Response surface approximation for profile monitoring in circular domains
Abstract
The production of Integrated Circuit (IC) is subject to high quality standard, and many control steps are incorporated in complex manufacturing processes. Conventionally, Statistical Process Control (SPC) tools such as control charts are intensively used for the sake of quality monitoring improvement in semiconductor production plants.

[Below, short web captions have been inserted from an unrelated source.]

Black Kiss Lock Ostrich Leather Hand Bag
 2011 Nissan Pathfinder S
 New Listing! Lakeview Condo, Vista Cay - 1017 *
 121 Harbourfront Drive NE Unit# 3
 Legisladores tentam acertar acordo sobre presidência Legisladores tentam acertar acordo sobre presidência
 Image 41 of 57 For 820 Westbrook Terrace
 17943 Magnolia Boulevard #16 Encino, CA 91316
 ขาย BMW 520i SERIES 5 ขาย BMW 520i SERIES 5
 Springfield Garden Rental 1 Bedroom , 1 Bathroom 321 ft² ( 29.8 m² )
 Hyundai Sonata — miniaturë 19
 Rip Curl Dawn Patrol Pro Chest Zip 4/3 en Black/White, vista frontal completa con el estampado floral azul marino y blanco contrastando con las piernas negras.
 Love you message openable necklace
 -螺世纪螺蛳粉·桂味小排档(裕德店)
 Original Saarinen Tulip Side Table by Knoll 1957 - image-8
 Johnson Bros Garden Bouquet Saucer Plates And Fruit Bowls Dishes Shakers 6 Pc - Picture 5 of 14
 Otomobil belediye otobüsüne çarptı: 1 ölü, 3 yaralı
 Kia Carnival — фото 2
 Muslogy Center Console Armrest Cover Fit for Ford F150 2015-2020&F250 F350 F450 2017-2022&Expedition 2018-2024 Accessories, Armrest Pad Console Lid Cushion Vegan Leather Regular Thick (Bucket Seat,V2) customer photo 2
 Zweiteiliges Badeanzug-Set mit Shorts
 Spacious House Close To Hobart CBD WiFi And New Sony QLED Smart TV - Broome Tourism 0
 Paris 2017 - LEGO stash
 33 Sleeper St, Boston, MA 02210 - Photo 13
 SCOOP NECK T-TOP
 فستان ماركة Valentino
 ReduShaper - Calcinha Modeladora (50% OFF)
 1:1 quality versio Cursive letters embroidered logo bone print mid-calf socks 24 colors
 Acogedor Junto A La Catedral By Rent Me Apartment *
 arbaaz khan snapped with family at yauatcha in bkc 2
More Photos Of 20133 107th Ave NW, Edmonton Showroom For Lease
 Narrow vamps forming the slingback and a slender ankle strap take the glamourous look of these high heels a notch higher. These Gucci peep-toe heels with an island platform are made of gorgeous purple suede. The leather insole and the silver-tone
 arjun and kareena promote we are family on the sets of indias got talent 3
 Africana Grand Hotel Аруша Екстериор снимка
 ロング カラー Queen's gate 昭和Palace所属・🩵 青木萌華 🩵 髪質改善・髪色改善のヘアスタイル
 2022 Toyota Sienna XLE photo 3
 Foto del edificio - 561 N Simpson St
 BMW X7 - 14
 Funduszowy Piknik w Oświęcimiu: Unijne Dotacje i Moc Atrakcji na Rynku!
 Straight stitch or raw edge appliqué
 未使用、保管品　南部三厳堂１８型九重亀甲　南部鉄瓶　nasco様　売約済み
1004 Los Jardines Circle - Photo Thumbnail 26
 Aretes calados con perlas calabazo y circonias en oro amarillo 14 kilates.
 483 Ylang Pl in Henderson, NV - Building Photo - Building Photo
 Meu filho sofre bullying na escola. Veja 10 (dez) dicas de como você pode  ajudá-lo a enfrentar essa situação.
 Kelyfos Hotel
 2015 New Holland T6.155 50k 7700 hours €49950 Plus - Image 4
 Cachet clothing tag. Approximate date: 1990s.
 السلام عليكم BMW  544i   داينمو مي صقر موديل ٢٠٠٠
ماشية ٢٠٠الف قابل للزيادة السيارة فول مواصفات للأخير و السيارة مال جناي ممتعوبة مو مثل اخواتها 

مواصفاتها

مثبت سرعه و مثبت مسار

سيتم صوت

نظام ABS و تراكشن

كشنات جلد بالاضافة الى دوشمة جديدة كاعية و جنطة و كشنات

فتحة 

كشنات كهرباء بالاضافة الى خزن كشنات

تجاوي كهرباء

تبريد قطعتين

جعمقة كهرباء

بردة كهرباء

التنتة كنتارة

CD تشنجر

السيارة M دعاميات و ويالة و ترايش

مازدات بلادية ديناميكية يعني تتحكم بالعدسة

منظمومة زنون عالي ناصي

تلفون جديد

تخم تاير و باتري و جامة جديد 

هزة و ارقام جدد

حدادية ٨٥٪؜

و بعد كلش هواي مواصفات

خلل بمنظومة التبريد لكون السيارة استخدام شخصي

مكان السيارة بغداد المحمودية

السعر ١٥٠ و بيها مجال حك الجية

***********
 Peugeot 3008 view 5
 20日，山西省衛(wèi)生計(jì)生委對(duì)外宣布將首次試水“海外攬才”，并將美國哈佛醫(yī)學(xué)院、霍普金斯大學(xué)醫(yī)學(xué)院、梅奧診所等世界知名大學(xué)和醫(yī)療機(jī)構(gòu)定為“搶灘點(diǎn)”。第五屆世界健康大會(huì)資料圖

The ICs are produced on thin slices of semiconductor materials, called wafers. In our study, a wafer is a 300-mm diameter circular domain. To monitor its quality, several types of physical metrology measurements (such as thickness, depth, width, angles and overlay) are collected on a fixed number of preselected locations. However, standard SPC techniques hardly detect defects such as curvature change, which is critical in semiconductors manufacturing, as different wafer “profiles”, related to different process issues, may have the same mean and variance over the measurement points. Furthermore, spatial correlation is not taken into account. To overcome these problems, the two-phase profile monitoring procedure [3] is often preferred:
1. For each time step, fit a response surface based on the measurement points ;
2. Monitor the response surface parameters over time.
In this work, we focus on step 1. Our contributions are twofold. Firstly, we compare different approximation techniques in circular domains: Zernike regression [1, 4] , and Gaussian process regression [1, 2] with standard and customized covariance kernels. Secondly, we exhibit the link between the model and key process parameters.